Categorized | Business

Big Island Carbon picks up Pualu Award for business innovation

MEDIA RELEASE

Big Island Carbon, LLC has been awarded a 2009 Pualu Award for Business Innovation by the Kona-Kohala Chamber of Commerce.

In its recognition of Big Island Carbon, the Kona-Kohala Chamber of Commerce noted that at a time when most businesses are holding back with the uncertainties of this current economic time, Big Island Carbon is moving ahead unflinchingly with the construction of its $26 million dollar manufacturing plant. 

The plant, in the Kaie Hana Industrial Park at Kawaihae on land leased from the Department of Hawaiian Home Lands, is near a developing workforce. The area neighbors a deep-sea harbor, easing the shipping process and mitigating traffic congestion by limiting long truck transportation. 

With proven science, BIC took an innovative idea using a sustainable Big Island by-product, macadamia shell, and developed a method for carbon conversion. 

It took considerable time to develop the process but when the plant is switched on later this year, BIC will produce a quality activated carbon product ready for world-wide distribution. 

When ground was broken in March, Gov. Linda Lingle, Mayor Billy Kenoi and DHHL Director Micah Kane each cited the importance of the project’s innovation, which will integrate agriculture and high technology bringing macadamia nut shell from Big Island macadamia processors together with a technology for biomass conversion. 

The project fits well with the state’s efforts to reduce its dependency on foreign oil, is in line with DHHL’s energy policy goals and creates more than 100 construction jobs and, upon project completion, 30 plant jobs for island workers. 

Further validation for Big Island Carbon’s business innovation award is that the company has turned a problem for Macadamia growers into an agricultural resource for the expansion of alternative energy resources. 

Growers have had to pay to have their shells removed and hauled to island landfills.
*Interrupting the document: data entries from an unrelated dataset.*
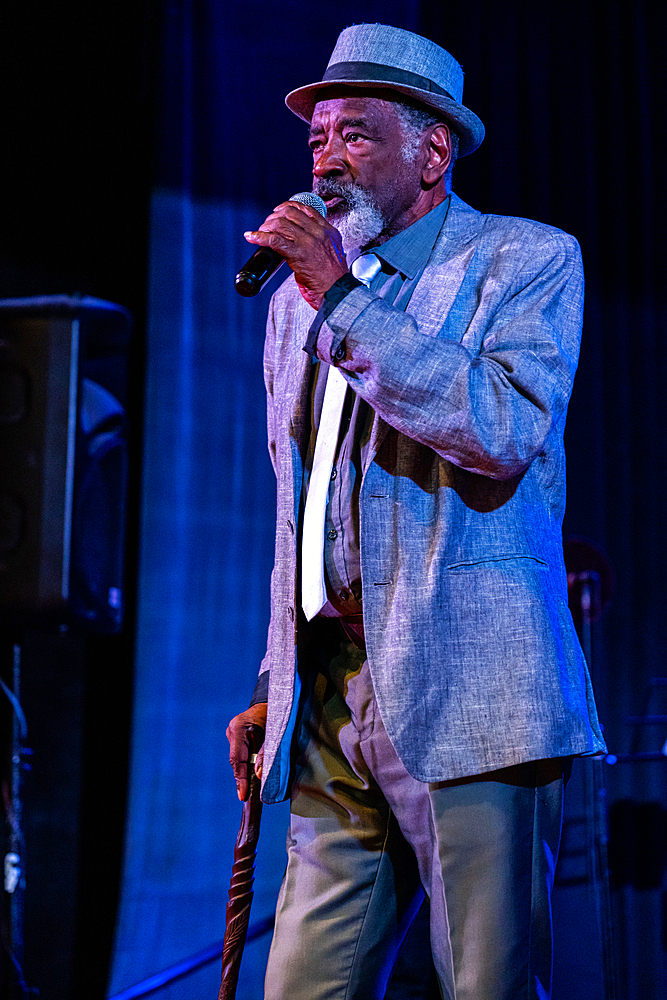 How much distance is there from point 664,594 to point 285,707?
7.61 feet

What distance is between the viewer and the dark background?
11.1ft

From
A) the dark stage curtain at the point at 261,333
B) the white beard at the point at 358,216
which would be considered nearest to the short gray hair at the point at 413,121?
the white beard at the point at 358,216

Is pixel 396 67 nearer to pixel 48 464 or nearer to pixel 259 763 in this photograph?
pixel 259 763

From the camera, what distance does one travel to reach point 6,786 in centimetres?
308

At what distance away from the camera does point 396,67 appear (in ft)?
5.02

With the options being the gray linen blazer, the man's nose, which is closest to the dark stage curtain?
the man's nose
Big Island Carbon will now pay the farmers for the shell to use in the bio conversion process.

Biomass conversion is a high tech industry that will convert feedstock (macadamia nut shells) produced on island into Granular Activated Carbon (GAC), a valuable product for sale in national and international markets to pharmaceutical, environmental, and other industries.  

A significant quantity of biofuel, a by-product of the process, will be sold for use on the island as well. 

Big Island Carbon is a start up company that will bring macadamia shell from Big Island macadamia processors together with new technology modified to fit specific requirements.  

Two major processes will convert macadamia shell feedstock, currently a largely underutilized product from macadamia processing, into granular activated carbon (GAC) in a biomass conversion process.

The output of this high tech operation will be sold to specialty users in the upper end of the growing market for GAC in a world increasingly demanding products that clean up gas and liquid phase materials to eliminate pollutants and impurities.  

GAC is the product commonly used in water filters and gas masks, and it has a wide variety of other applications.